Debra Cartwright, Untitled
INVOCATION
Ruach, fill us with a living hope.
EPIPHANY
When I married my red-headed, British-born, beloved husband, our home inherited the practice of tea - and it is so lovely.
It’s important to note that Brits don’t just have a cup of tea. No, that’s what Americans do. Americans have a cup of coffee while we walk to work, while we work, while we drive to work, while we carpool, while we attend church service, etc… But Brits have a cup of tea. They literally stop the day, put on the kettle (or plug it in) and do nothing else but have a cup a of tea.
My beautiful love will literally do anything for me. All I need do is ask. But I have learned that if I ask him to do something just as he’s settled with a cup a tea… whatever it is that I think is so pressing will have to wait. He finishes his cuppa and then delivers as expected.

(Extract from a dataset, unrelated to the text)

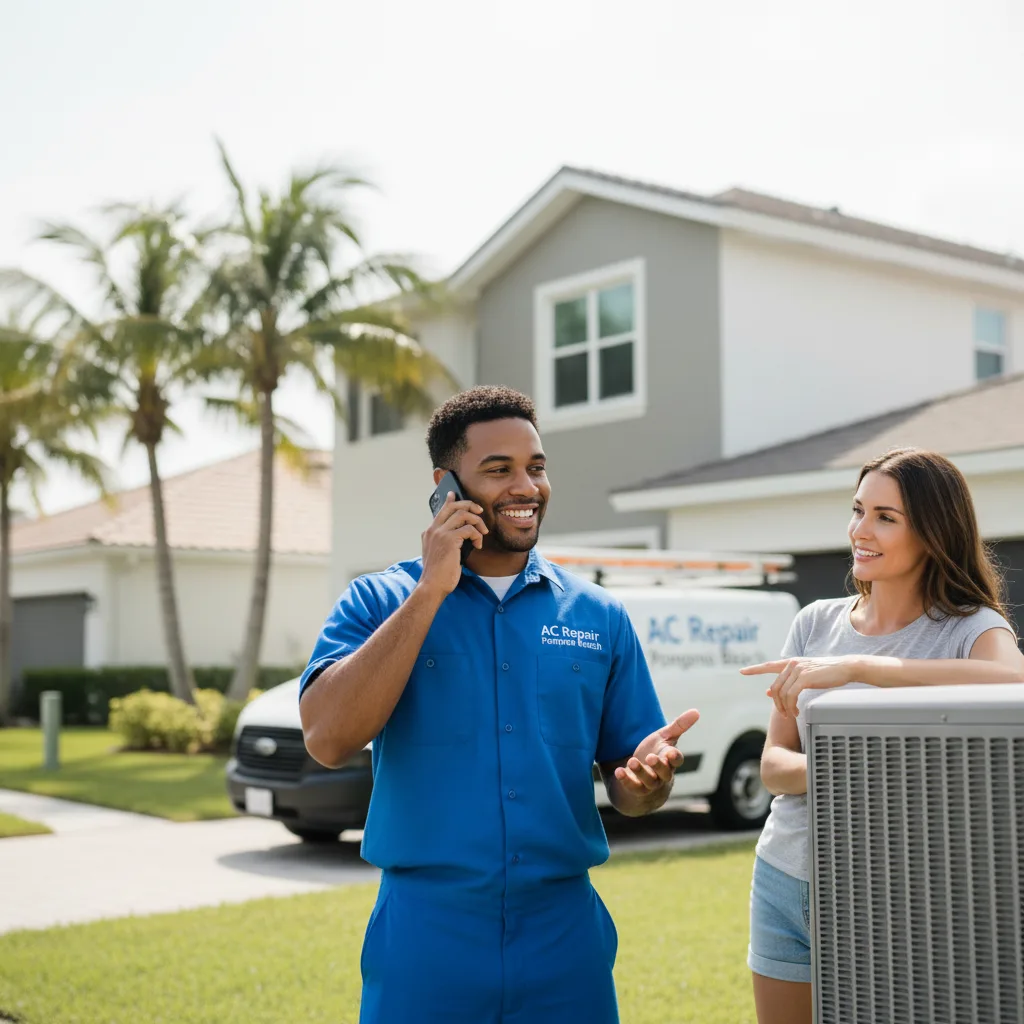 AC Repair Pompano Beach customer support in Caraway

And nothing disastrous has ever happened in the space of time it takes to finish a cup of tea.
And it’s not just the way Brits have a cup of tea on the ordinary days that’s so lovely, it’s also the way they have tea on the hard and dark days.
A few years ago we were staying at my in-laws, one of the coziest places on Earth, when I got the news that my nephew had died by suicide. My mother-in-law held me as I cried, said a prayer over me, and then made tea for all of us to sit and have in comforting, solaced silence at her kitchen table. By the time I’d reached the bottom of the cup, I could breathe again.
Sometimes, we just need to someone to lend us their breath:
One day the Eternal God scooped dirt out of the ground, sculpted it into the shape we call human, breathed the breath that gives life into the nostrils of the human, and the human became a living soul.
Genesis 2:7, The Voice
Every day there’s a moment when everyone in our home pauses for one brief breath of life that waits for us at the bottom of a teacup. It’s a practice of hope that I’m so very grateful for – most especially on those hard days when all hope feels gone, like it will never ever return to us.
But then someone puts the kettle one.
INTERCESSION
God Who Is Our Very Breath,
With a holy kiss, may you fill
those who are breathless with despair
with hope and compassion.
May those who feel dead inside be brought to life again
with the breath of new beginnings.
Amen.
CHANT
This, the Holy Breath of life
This, the Holy Breath of life
We inhale and we exhale
This, the Holy Breath of life
BENEDICTION
Go. Put on the kettle. Breathe again.
I just want you to know that sometimes I push the “like” button, and don’t have much to say, but that doesn’t mean your words haven’t touched me deeply. They have, and they do, and I hope you know the depth of meaning of those little “like” button pushes. Thank you.
Oh, yes! Yes and amen. As one who has a cup of tea every morning and drinks it slowly like it's a spiritual practice, this has comforted me today. You captured so beautifully what I hope whenever I make a cup of tea for someone else and what my own soul needs. Breathing in this Holy Breath of Life.